In 1840, the vernal equinox fell on March 21 and Thoreau, age twenty-two, was in the early stages of organizing his first book, A Week on the Concord and Merrimack Rivers, an almost-forgotten American masterpiece. In his journal he notes:

“By another spring I may be a mail carrier in Peru—or a South American planter—or a Siberian exile—or a Greenland whaler, or a settler on the Columbia River—or a Canton merchant—or a soldier in Florida—or a mackerel fisher of Cape Sable—or a Robinson Crusoe in the Pacific—or a silent navigator of any sea—So wide is the choice of parts, what a pity if the part of Hamlet be left out.”

It’s the springtime reverie of a young man – a young American -- with faith in unlimited possibility. His identity and path are uncertain but he fuels himself with hope. The only note out of key is sounded by Shakespeare’s indecisive prince. The excerpt and the day’s entire entry are notably free of observations from the natural world. Eighteen years later, on the same date, Thoreau visits a swamp and reports on the skunk cabbage and the song of a chickadee. He notes:

“The first spring rain is very agreeable. I love to hear the pattering of the drops on my umbrella, and I love also the wet scent of the umbrella. It helps take the remaining frost out and settles the ways, but there is yet frost and ice in meadows and swamps.”
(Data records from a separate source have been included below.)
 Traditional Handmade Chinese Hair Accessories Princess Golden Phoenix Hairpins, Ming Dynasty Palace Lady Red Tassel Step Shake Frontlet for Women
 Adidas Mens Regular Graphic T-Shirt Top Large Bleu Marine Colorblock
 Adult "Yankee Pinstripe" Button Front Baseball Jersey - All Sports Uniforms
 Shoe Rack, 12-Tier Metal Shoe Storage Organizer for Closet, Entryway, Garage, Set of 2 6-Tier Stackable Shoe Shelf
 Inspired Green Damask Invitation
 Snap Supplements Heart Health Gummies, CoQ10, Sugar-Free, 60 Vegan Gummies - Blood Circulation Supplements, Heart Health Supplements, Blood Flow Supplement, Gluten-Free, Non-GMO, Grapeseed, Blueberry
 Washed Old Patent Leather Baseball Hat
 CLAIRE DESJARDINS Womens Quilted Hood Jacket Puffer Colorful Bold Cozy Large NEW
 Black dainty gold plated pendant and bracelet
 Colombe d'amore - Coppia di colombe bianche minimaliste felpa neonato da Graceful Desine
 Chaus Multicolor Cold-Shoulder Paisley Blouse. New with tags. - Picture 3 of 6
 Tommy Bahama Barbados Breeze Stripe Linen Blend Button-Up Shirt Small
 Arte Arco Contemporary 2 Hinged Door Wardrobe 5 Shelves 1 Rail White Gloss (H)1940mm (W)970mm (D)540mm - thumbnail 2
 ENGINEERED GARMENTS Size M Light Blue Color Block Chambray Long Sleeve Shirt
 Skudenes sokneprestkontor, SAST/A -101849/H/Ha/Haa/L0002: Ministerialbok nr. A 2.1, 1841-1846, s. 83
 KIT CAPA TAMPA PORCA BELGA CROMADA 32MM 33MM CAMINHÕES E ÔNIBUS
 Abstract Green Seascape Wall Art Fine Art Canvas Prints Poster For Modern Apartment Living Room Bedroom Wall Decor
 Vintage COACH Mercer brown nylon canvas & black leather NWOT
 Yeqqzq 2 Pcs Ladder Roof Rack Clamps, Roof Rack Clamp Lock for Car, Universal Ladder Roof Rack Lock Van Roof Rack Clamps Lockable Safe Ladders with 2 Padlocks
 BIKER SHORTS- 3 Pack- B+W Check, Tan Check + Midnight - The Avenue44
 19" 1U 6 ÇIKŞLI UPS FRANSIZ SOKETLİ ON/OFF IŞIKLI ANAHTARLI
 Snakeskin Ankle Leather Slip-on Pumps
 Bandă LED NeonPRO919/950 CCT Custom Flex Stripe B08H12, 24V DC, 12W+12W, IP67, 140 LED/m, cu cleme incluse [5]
Who knew Thoreau carried an umbrella? And who else would carry one while paying a call on a swamp? The declarations of “love” – of a sound and a smell – are fervent and chaste. Thoreau died in May 1862, made his final journal entry the previous November, and wrote nothing on March 21, 1861. Three days earlier, less than a month before the firing on Fort Sumter, he writes:

“You can’t read any genuine history – as that of Herodotus or the Venerable Bede – without perceiving that our interest depends not on the subject but on the man, -- on the manner in which he treats the subject and the importance he gives it. A feeble writer and without genius must have what he thinks a great theme, which we are already interested in through the accounts of other, but a genius – a Shakespeare, for instance – would make the history of his parish more interesting than another’s history of the world.”